Think twice before you spend money or hire new employees to solve a short-term problem. Here’s why.

Someone once told me “Fast answers are usually neither…”

Smart advice, but unfortunately, most business owners have to learn it the hard way. Think about when you are trying to fix a short-term problem in your business. Your first reaction is often to throw money or people at it. If you have the resources, you try to hire or outsource. If you don’t have the resources, you complain and wish you did. For short-term problems, however, money and people are usually not the answer.

People are not solutions, they are problems. Hiring new people takes time and focus away from the business and away from the problem you are trying to solve. Think of all the time spent interviewing, hiring, training, and on-boarding new hires. In the short-run, you do not add a solution, you add another problem! This is true even if the person is a remarkable hire. People are not solutions to immediate problems, they are investments in long-term growth. If you have a short-term problem, then hiring isn’t the answer.

Money is not a solution, it’s a trap. Similar to people, companies often throw money at a problem, hoping that buying a new technology, or even another company, can fix this year’s issues. Buying your way out of short-term problems only provides temporary relief. Just like paying a landlord one week at a time, the problem will be back in a week asking for more money.

My recommendation is to exhaust all other options in solving short-term problems before you either hire or spend. The list of alternatives is long and often the best options are specific to one business or industry, so I can’t name them all. But here are a few options to consider:

1) Check your process—When manufacturers have problems, they often look at the basic steps in their process to determine if each step is producing what it is designed to produce. If one step is underperforming, then the entire system will underperform. Dive deep into your processes and see if there isn’t a step in your system that is creating problems downstream. Focus on fixing it internally.

2) Replace—Sometimes hiring more people is really just covering up the real issue—that you have the wrong people doing the job in the first place. Now, I understand the contradiction in advising business owners to replace employees in the same article that I tell you not to hire. My point is not to hire MORE because you have the wrong people. Find the right person for the job and replace the employee that was in the wrong role.

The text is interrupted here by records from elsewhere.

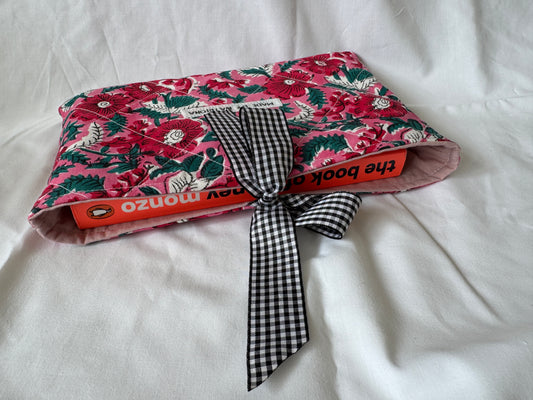 Book sleeve for Refugease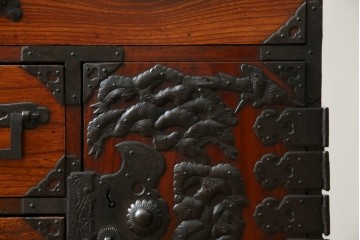 和製アンティーク　前面欅(ケヤキ)材　立派な打ち出し金具　五丁引き　重厚感ある佇まいが魅力的な庄内箪笥　(R-059246)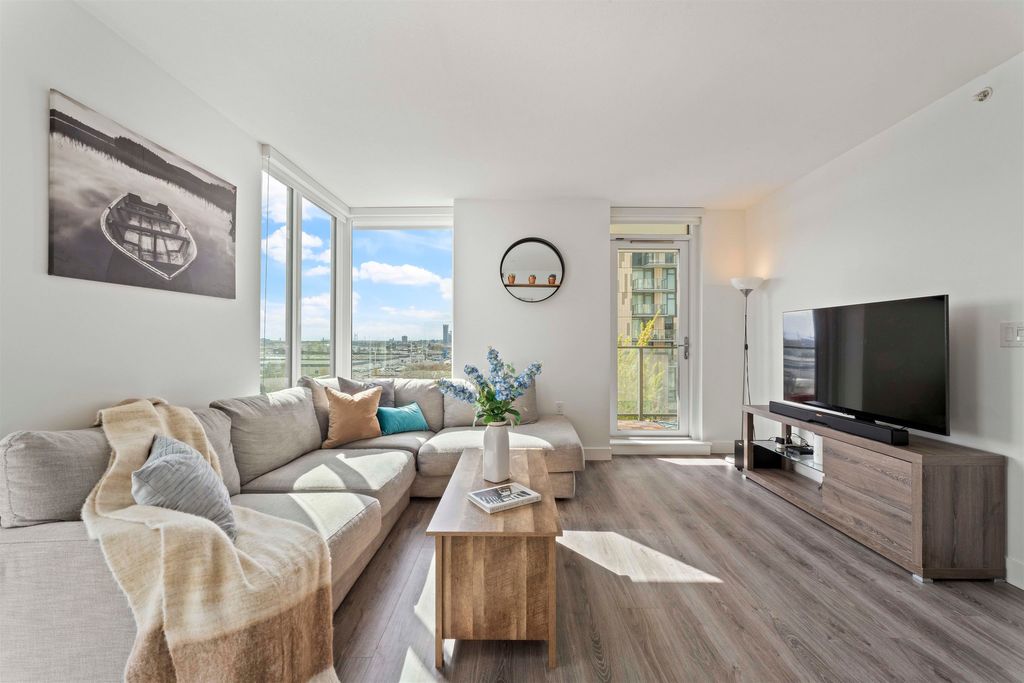 807 8181 Chester ST Vancouver, Vancouver Condos for sale, MLS® R2990805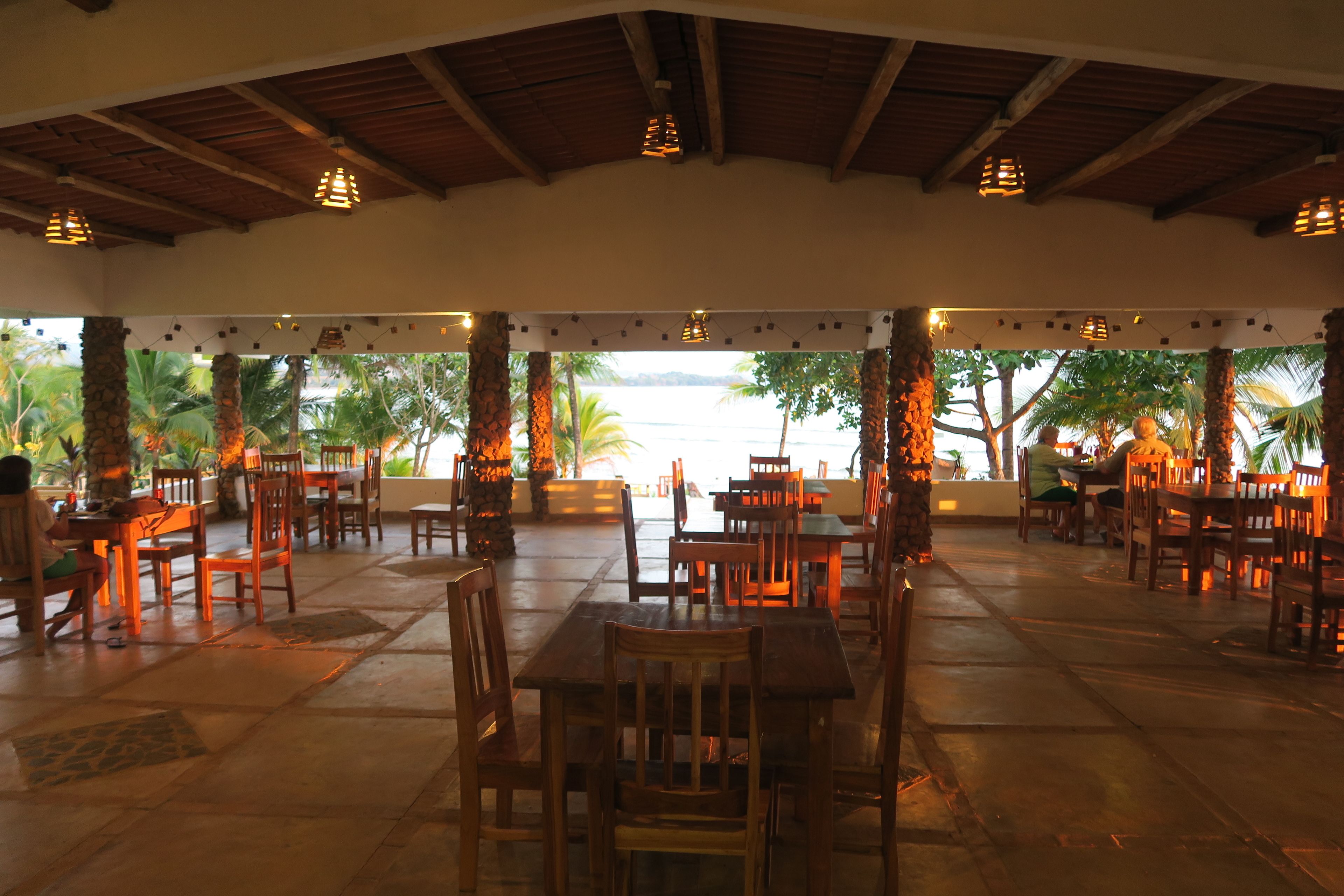 breakfast, lunch, dinner served; seafood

3) Plan your strategy—Too often owners and executives hire or spend to make a short-term annoyance go away, rather than planning for what would make the business better in the longer term. Aggravations can get priority when enough voice is given to them. Instead of spending money or hiring new people, plan a strategy to optimize the business.

Of course, there will be times when you will have to hire and spend to solve problems. Just don’t let it be your first response…or second…or third. Make it your last.